- Date: July 28 – August 3
- Edition: 19th
- Category: Tier II
- Draw: 28S / 16D
- Prize money: $450,000
- Surface: Hard / outdoor
- Location: San Diego, California, U.S.
- Venue: La Costa Resort and Spa

Champions

Singles
- Martina Hingis

Doubles
- Martina Hingis / Arantxa Sánchez Vicario
- ← 1996 · Southern California Open · 1998 →

= 1997 Toshiba Classic =

The 1997 Toshiba Classic was a women's tennis tournament played on outdoor hardcourts at the La Costa Resort and Spa in San Diego, California, United States, that was part of the Tier II category of the 1997 WTA Tour.
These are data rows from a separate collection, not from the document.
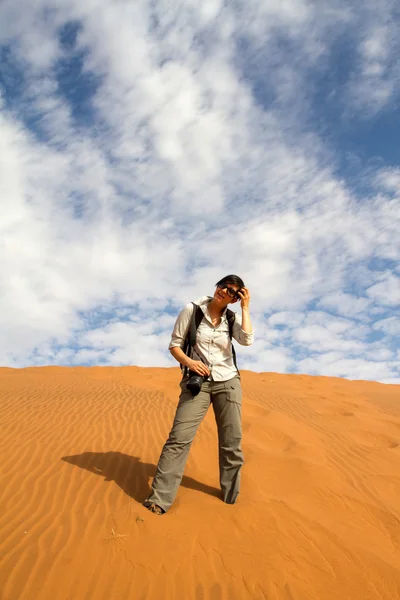 女游客攀爬沙丘 — 图库照片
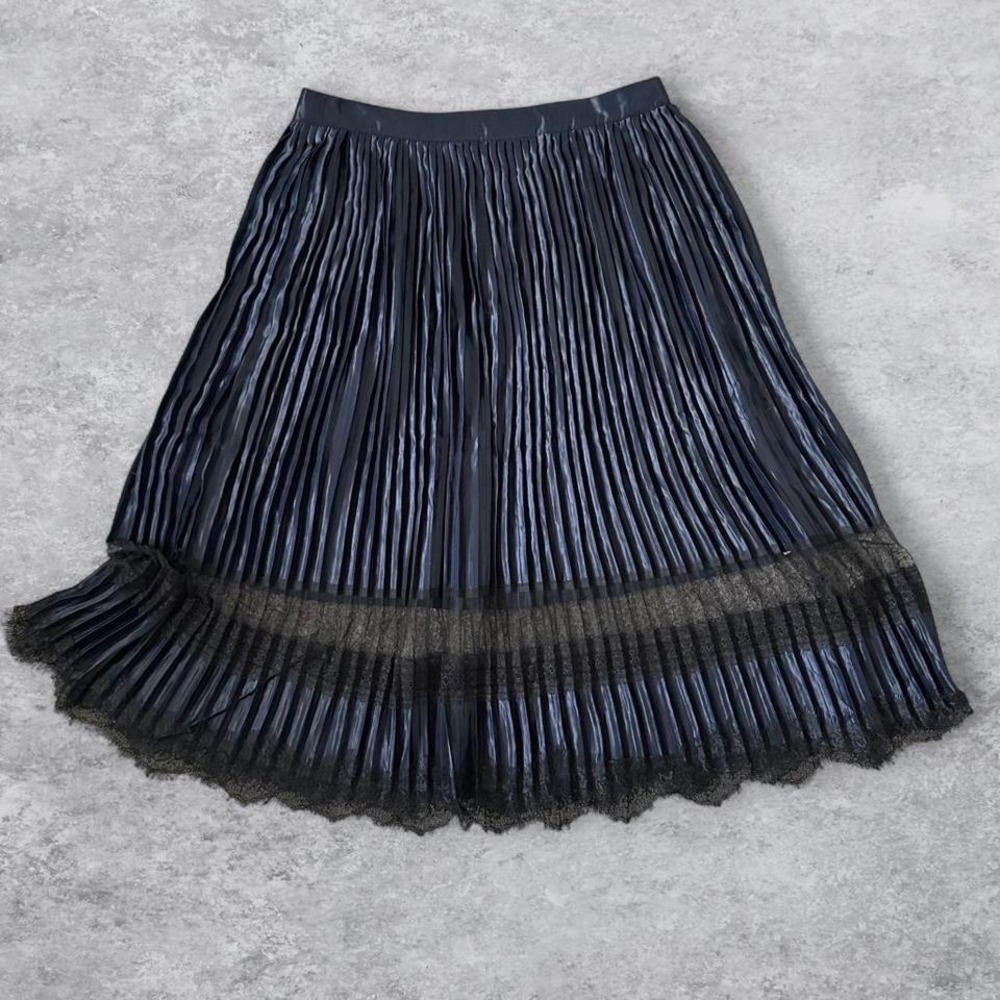 Ultra Pink Navy Blue Pleated Midi Skirt Lace Trim Satin‎ Sheen Size M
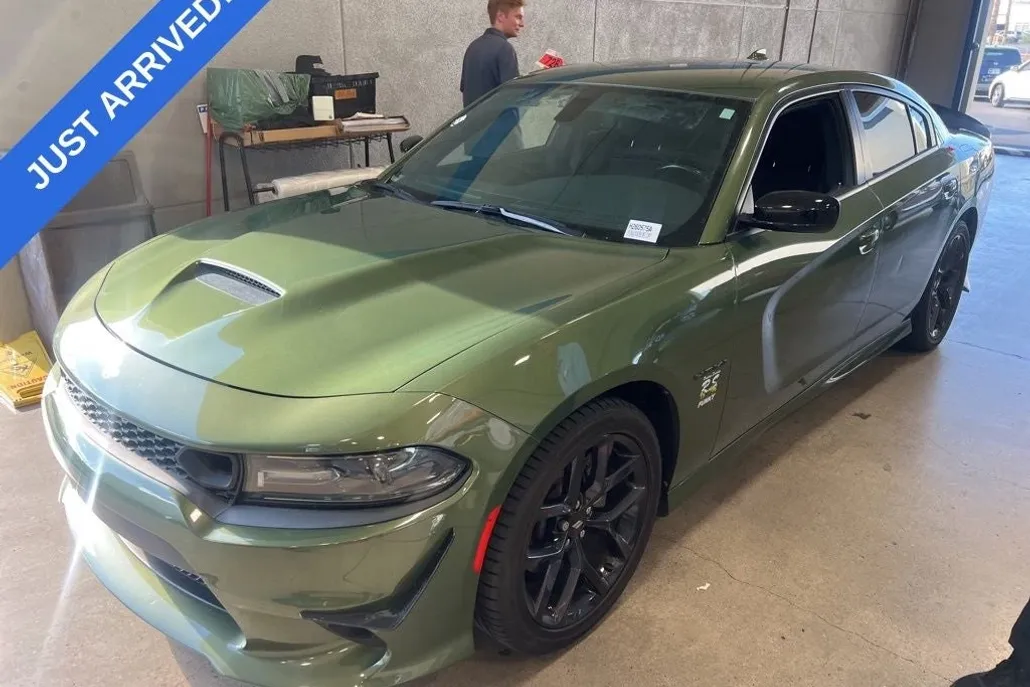 2021 Dodge Charger R/T photo 1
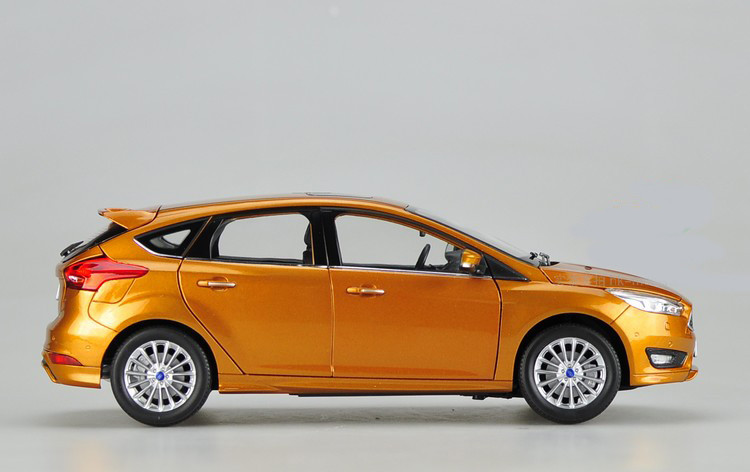 1/18 Dealer Edition 2015 Ford Focus (Orange) Diecast Car Model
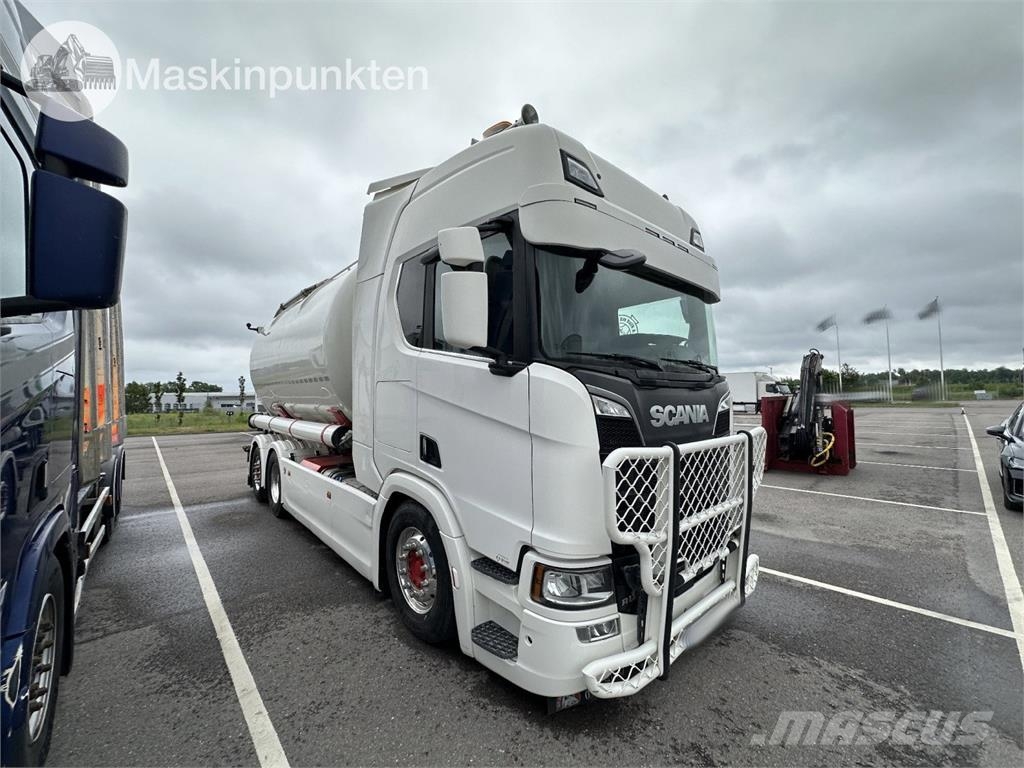 Scania R650B6X2*4NB شاحنات ذات صهاريج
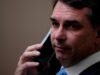 O candidato presidencial brasileiro Flavio Bolsonaro nega irregularidades depois de exigir milhões de banqueiros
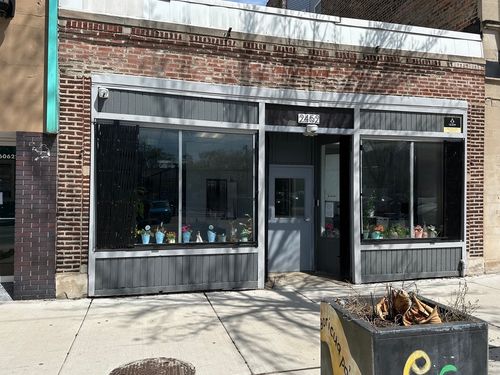 2452 W Division St, Chicago, IL, 60622-2942 | Card Image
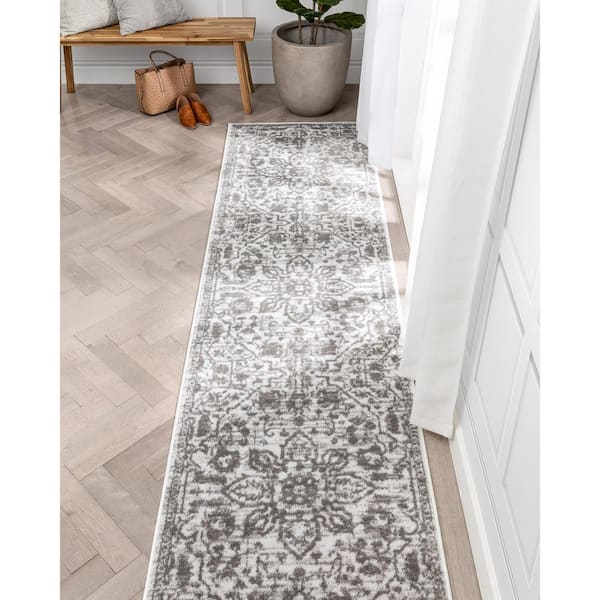 Dazzle Disa Vintage Distressed Oriental Medallion Cream 2 ft. 7 in. x 9 ft. 10 in. Runner Rug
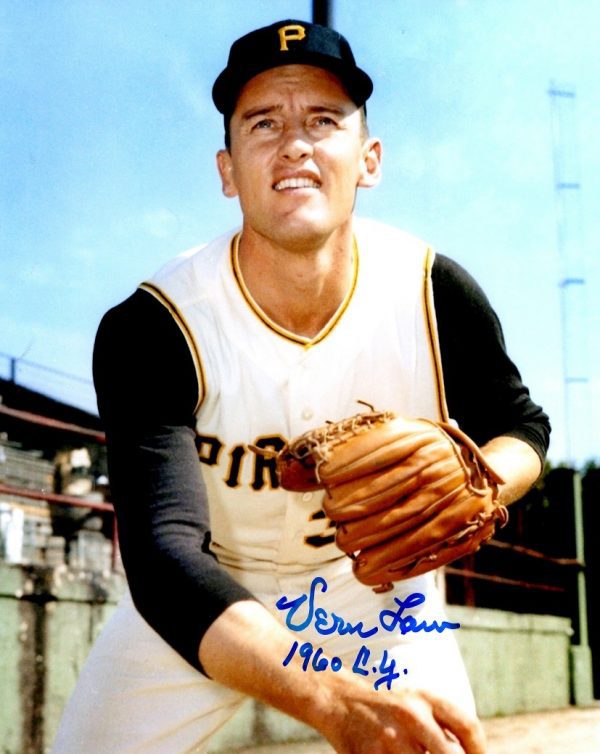 Autographed VERN LAW 8X10 Pittsburgh Pirates Photo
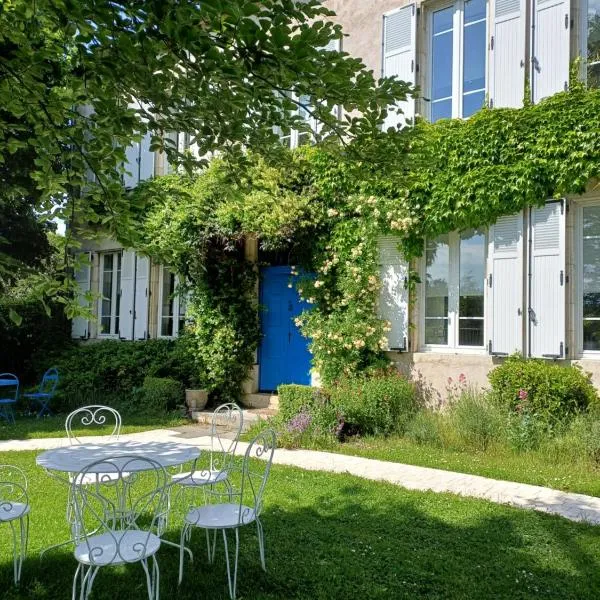 Chic & charme au Presbytère，位于Saint-Genès-du-Retz的酒店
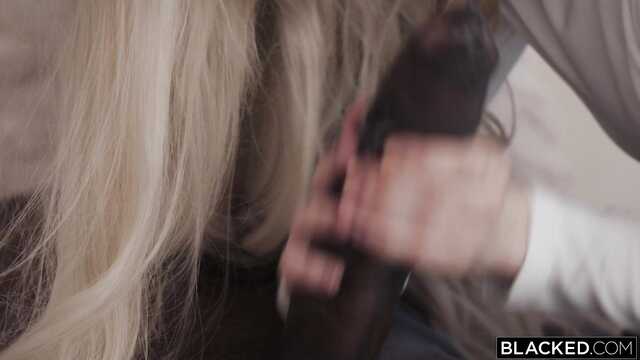 Девушка встретила негра и сделала ему BJ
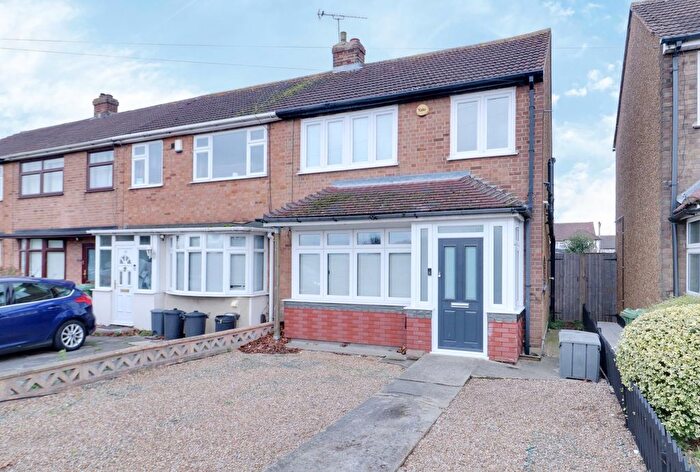 3 Bedroom Terraced House For Sale In Ford Lane, Rainham, RM13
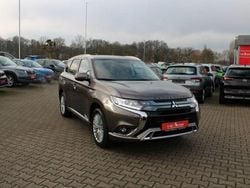 Braun Gebraucht 2021 Mitsubishi Outlander P-HEV SUV | 23.930 € (Fairer Preis)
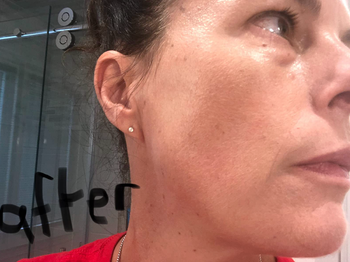 The same reviewer applying the primer, now with visibly smoother skin and less noticeable fine lines.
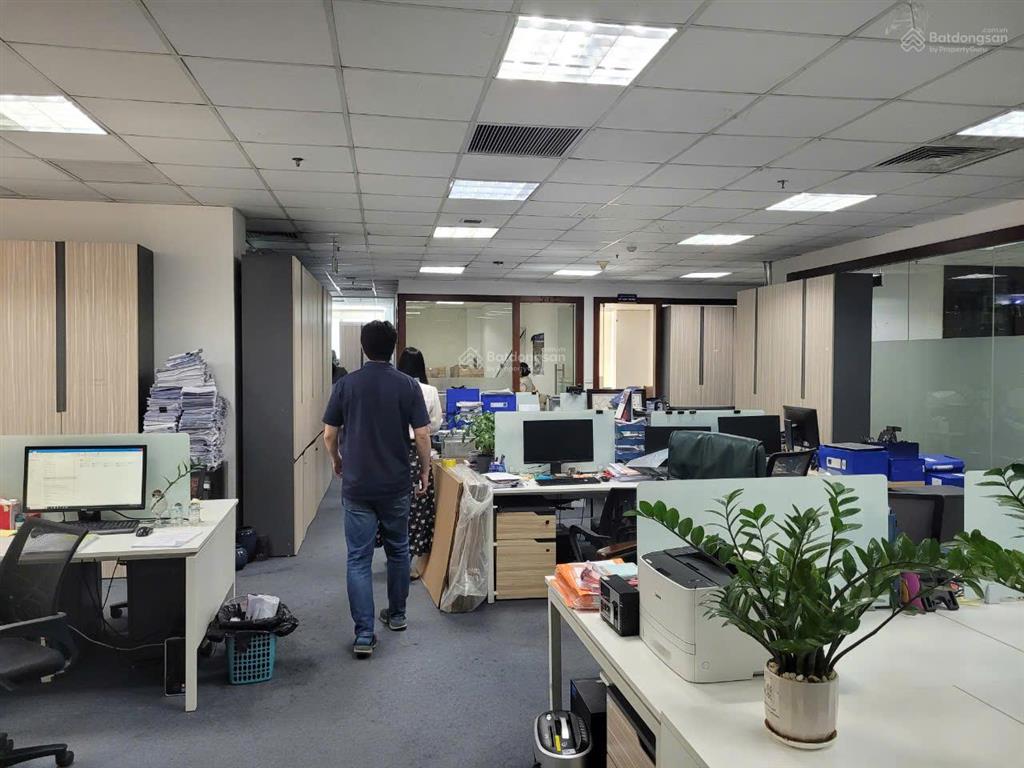 Chính chủ cho thuê văn phòng sẵn nội thất, linh hoạt diện tích 200m tại viwaseen tố hữu giá 190k/m2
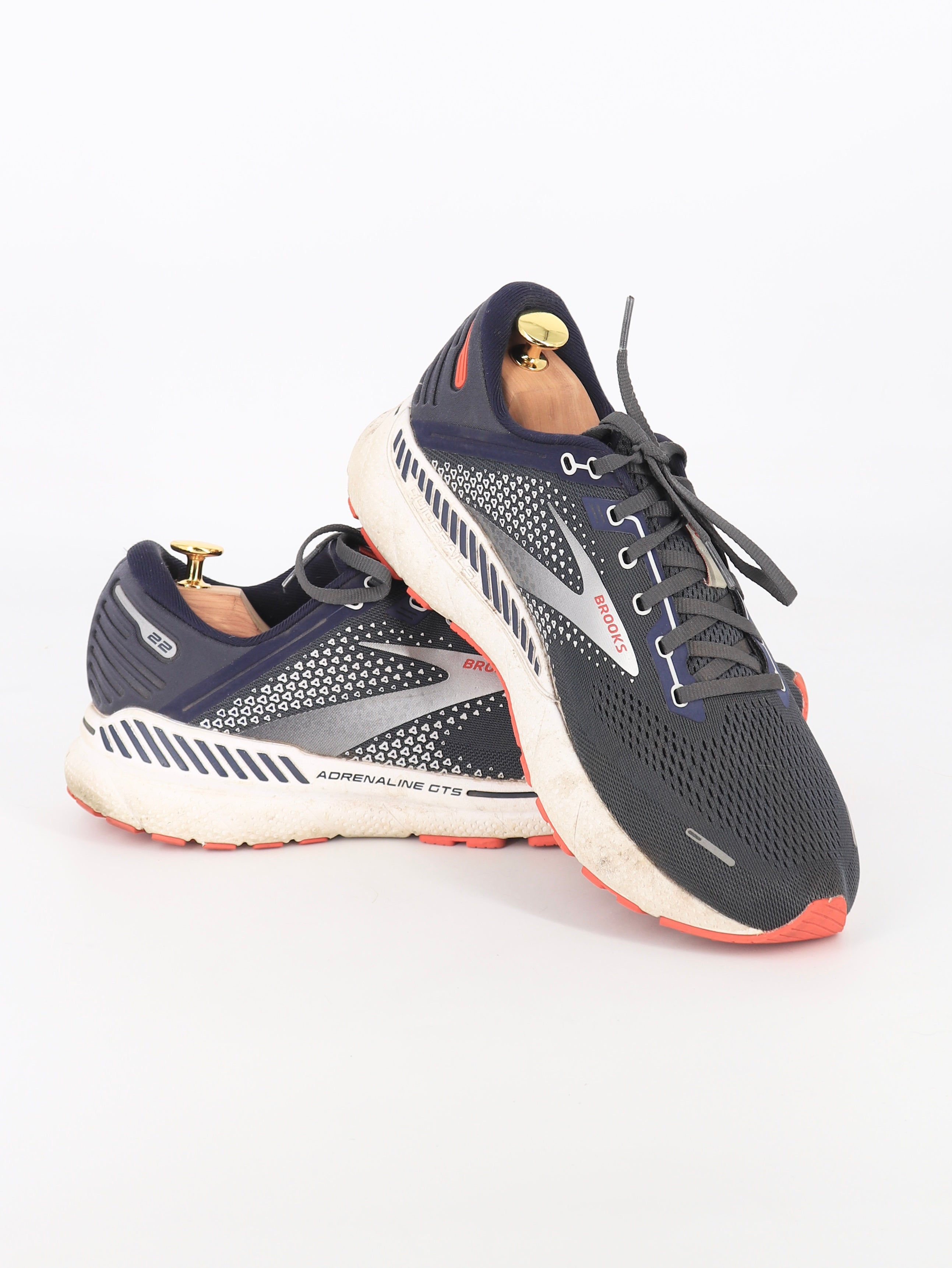 BROOKS Tenis Deportivo Basic - Hombre - US 10.5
It was the 19th edition of the tournament and was held from July 28 through August 3, 1997. First-seeded Martina Hingis won the singles title.

==Finals==

===Singles===

SUI Martina Hingis defeated USA Monica Seles 7–6, 6–4
- It was Hingis' 9th singles title of the year and the 11th of her career.

===Doubles===

SUI Martina Hingis / ESP Arantxa Sánchez Vicario defeated USA Amy Frazier / USA Kimberly Po 6–3, 7–5
- It was Hingis' 5th doubles title of the year and the 8th of her career. It was Sánchez Vicario's 4th doubles title of the year and the 53rd of her career.